### Provided entries
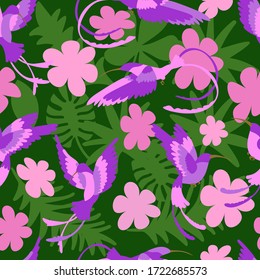 Colorful flying hummingbirds on green background with tropical leaves and pink flowers. Seamless floral pattern, vector. 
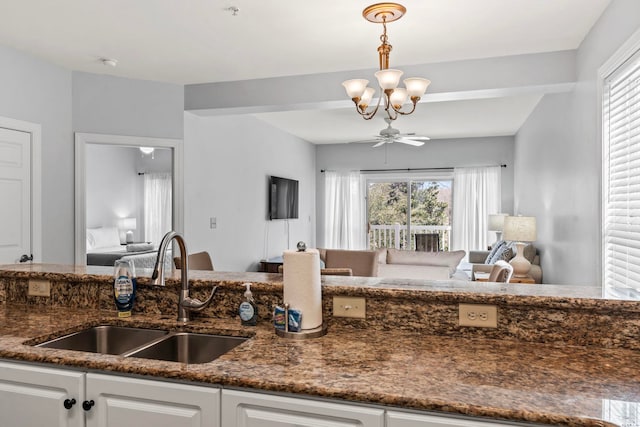 kitchen with a sink, white cabinetry, plenty of natural light, and a chandelier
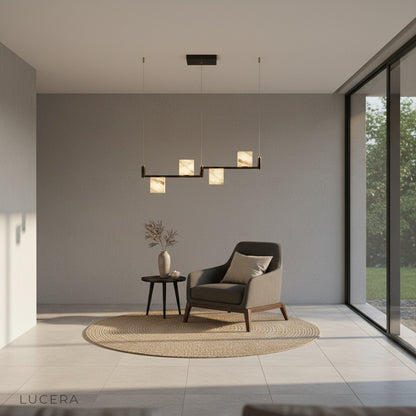 Lodge chandelier illuminating kitchen island with warm light and bar stools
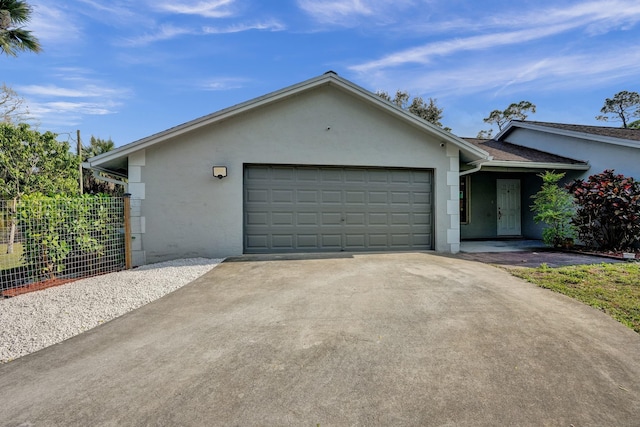 ranch-style home featuring a garage, driveway, and stucco siding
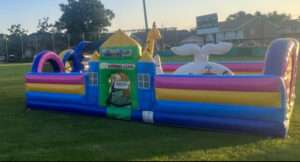 Inflatable toddler playland and bounce house units set up on a grass field at a community event in Acadiana, Louisiana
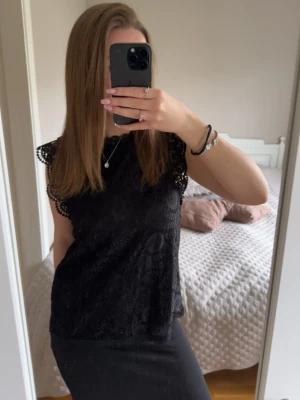 Svart spetsblus med kort ärm - Snygg svart blus i spets med fina detaljer och korta ärmar. Blusen har ett feminint mönster och vågig kant vid ärmslut och nederkant. Perfekt att styla med både kjol och jeans för en trendig look.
######
◆ Task ◆
Keep the pictures out of the copy and write out the data exactly as it stands.

◆ Exercise result ◆
 Colorful flying hummingbirds on green background with tropical leaves and pink flowers. Seamless floral pattern, vector. 
 kitchen with a sink, white cabinetry, plenty of natural light, and a chandelier
 Lodge chandelier illuminating kitchen island with warm light and bar stools
 ranch-style home featuring a garage, driveway, and stucco siding
 Inflatable toddler playland and bounce house units set up on a grass field at a community event in Acadiana, Louisiana
 Svart spetsblus med kort ärm - Snygg svart blus i spets med fina detaljer och korta ärmar. Blusen har ett feminint mönster och vågig kant vid ärmslut och nederkant. Perfekt att styla med både kjol och jeans för en trendig look.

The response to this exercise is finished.